In the context of programming, each application initiates with one or more processes and a process have at least one thread. Any running instance of a program is essentially a process. These processes operate in isolation from one another, with each having its dedicated memory space. Within a process, multiple threads can exist, all of which share the same memory space and have the capability to access memory locations used by other threads within the same process. Threads are the fundamental units to which the operating system allocates processor time, essentially abstracting the concept of a virtual processor.

Asynchronous Programming

The concept of asynchronous programming often kicks in when considering concurrency in an application. Almost every modern programming language supports asynchronous programming. Async programming is the way of writing code so that long-running functions continue to execute whereas the control is quickly returned to the caller. In case of tasks that are I/O bound or CPU bound, we can invoke such methods asynchronously and perform independent operations until the result is required. As a result, it will increase the responsiveness and performance of the application.

To make any method asynchronous, we have to mark the method with ‘async’ keyword. It gives us ability to use another keyword ‘await’ inside the method that allows to wait the time-consuming calls asynchronously.

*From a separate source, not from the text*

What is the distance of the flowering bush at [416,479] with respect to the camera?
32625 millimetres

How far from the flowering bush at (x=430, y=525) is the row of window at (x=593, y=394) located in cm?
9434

Let’s consider a simple example

public class NasaService

{

    private static readonly HttpClient client = new HttpClient();

    const string API_KEY = "DEMO"; // Replace with your API key

 

    public async Task<string> GetApodAsync()

    {

        string apiUrl = $"https://api.nasa.gov/planetary/apod?api_key={API_KEY}";

 

        try

        {

            Task<string> getResult = client.GetStringAsync(apiUrl);

           

            // <<Perform independent tasks if any>>

           

            string json = await getResult; // Async call

            JObject apod = JObject.Parse(json);

            return $"title: {apod["title"]}\nhdurl: {apod["hdurl"]}\nexplanation: {apod["explanation"]}";

        }

        catch (Exception ex)

        {

            return $"Error: {ex.Message}";

        }

    }

}

In the above example, when the program execution reaches await keyword, the control is returned back to the caller until the result is received. This means that the thread is now free and can handle other tasks or requests. Once the awaited operation completes, execution resumes and the remaining code is processed. The way execution continues and how the thread is managed may vary depending on the type of application (WinForms, Console, Web, etc.).

Does the application a separate thread for the execution of awaited task? The simple answer is NO. While there are conditions where async/await can create a new thread, a true async operation does not necessarily spin up a new thread. In this case, the GetStringAsync operation is an asynchronous operation that sends an HTTP GET request to an external resource, making it an I/O-bound operation. As soon as the execution hits await part, the current thread is released and sent back to the pool (or synchronization context) which can now be utilized by another task or request. When the result is available, a notification is issued so that that the thread can continue the remaining execution.

In a deeper level, the I/O operation is offloaded to the OS and IOCP (I/O Completion Ports) is used for network I/O on Windows (for other OSs there are options like epoll and kqueue). When the operation is completed, the OS notifies .NET about the completion via IOCP, which is essentially a part of thread pool. An I/O thread from the pool is briefly used for notifying the completion. Hence, an async operation is completed without the need for creation of additional threads.

Parallelism with TPL

Asynchronous programming is about dealing with non-blocking execution and optimal utilization of current thread. But there are certain scenarios where we need more computational resources executing in parallel instead of merely waiting for them to complete. This is where TPL (Task Parallel Library) comes to play, allowing us to use all the available processors efficiently via multithreading. The Task Parallel Library (TPL) is a set of public types and APIs in the .NET Framework that makes parallel programming easier. It provides a higher-level abstraction for multithreading and parallelism, allowing developers to efficiently manage parallel tasks with minimal effort.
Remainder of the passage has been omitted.